(Photo Illustration Connor Lawless)

Photo Illustration Connor Lawless

Taking Control: Psychological, physical abuse impacts students

March 15, 2019

To other students walking by, it just looked like a couple holding hands.

What they didn’t see is that when senior Janette’s* (name changed to maintain anonymity) partner let go of her wrist, it was sore for minutes, hours or even days later because of how tightly he held on.

Of the 60 percent of students who have been in a romantic relationship, 11 percent report being physically threatened or intimidated by an intimate partner, according to a Harbinger survey of 236 students from Feb. 1 to Feb. 27 through Google Forms.

Physical abuse is any intentional act causing injury or trauma to another person by way of bodily contact. Out of 235 responses, 4 students reported being physically abused by a romantic partner, and 6 students were unsure if they had been physically abused by a romantic partner.

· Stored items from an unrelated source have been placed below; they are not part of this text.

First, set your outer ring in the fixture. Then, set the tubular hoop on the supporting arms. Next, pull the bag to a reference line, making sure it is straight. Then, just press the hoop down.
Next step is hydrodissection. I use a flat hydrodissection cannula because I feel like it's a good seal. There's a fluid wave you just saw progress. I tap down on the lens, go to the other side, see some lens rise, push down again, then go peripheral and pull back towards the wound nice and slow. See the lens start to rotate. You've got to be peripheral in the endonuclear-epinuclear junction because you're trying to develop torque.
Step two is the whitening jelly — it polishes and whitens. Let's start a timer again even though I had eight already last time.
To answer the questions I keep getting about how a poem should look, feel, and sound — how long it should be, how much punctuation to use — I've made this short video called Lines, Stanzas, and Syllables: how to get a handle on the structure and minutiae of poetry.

Adjustment counselor Sarah McNulty worries that students who are physically abused by romantic partners may struggle with their self-esteem long after they are out of the unhealthy relationship.

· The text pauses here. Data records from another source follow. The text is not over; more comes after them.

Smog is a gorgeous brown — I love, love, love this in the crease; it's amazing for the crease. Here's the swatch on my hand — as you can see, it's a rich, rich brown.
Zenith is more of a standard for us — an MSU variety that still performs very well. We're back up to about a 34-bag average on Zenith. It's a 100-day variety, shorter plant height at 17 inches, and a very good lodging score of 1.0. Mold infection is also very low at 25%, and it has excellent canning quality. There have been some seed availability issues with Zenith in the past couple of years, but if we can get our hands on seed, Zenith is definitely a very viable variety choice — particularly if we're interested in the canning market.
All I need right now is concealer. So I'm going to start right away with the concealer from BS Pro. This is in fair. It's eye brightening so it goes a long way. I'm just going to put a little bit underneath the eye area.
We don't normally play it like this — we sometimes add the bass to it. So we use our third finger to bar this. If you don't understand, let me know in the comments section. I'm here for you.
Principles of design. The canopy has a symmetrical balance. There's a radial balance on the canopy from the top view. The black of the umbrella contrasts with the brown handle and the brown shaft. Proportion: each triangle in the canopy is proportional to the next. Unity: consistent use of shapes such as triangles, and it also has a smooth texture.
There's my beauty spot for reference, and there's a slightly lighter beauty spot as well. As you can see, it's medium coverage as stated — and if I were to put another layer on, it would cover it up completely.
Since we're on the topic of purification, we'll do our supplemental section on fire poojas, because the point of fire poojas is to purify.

“I just feel like that emotional piece can sometimes be an even more long-lasting challenge to feel good about yourself,” McNulty said. “I worry that it sets you up for maybe a pattern [of falling into unhealthy relationships].”

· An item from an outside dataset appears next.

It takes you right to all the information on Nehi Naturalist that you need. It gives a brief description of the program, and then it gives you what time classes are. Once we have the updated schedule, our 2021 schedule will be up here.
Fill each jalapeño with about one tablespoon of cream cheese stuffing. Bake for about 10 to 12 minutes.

Students seeking help for domestic abuse can call REACH Beyond Domestic Violence Massachusetts at (800) 899-4000 at any time, any day and receive support, shelter and/or referrals for affordable or free counseling. Even for students who are not ready to end their relationship, REACH offers programs and supports to help students work through the ups and downs of navigating an abusive relationship.

Psychological Abuse

Psychological abuse is characterized by a person subjecting or exposing another person to behavior that may result in psychological trauma, including anxiety, chronic depression or post-traumatic stress disorder.

According to The Harbinger survey, 25 percent of students who have been in a romantic relationship feel they have endured psychological abuse; Janette is one of those students.

“A lot of [psychological abuse] is manipulating you and guilt,” Janette said. “You’re like ‘Hey, this is making me uncomfortable’ or ‘I don’t like when you do this’ and they’ll turn it right back around and they’ll be like ‘Oh my god, I can’t believe I would do that, I’m so sorry, I’m such a terrible person.’ They flip it so that you’re the one that ends up comforting them and then the whole problem is brushed under the rug.”

According to McNulty, a big part of psychological abuse stems from control; a psychologically abusive person wants to control their partner.

“It’s things that get said, put downs, telling someone they’re worthless, sort of that power play that starts to occur in an emotionally abusive relationships,” McNulty said.

Janette’s former partner controlled what she was allowed to post online, what she could wear and who she could speak with. Janette said sometimes the psychological abuse escalated into forms of physical abuse.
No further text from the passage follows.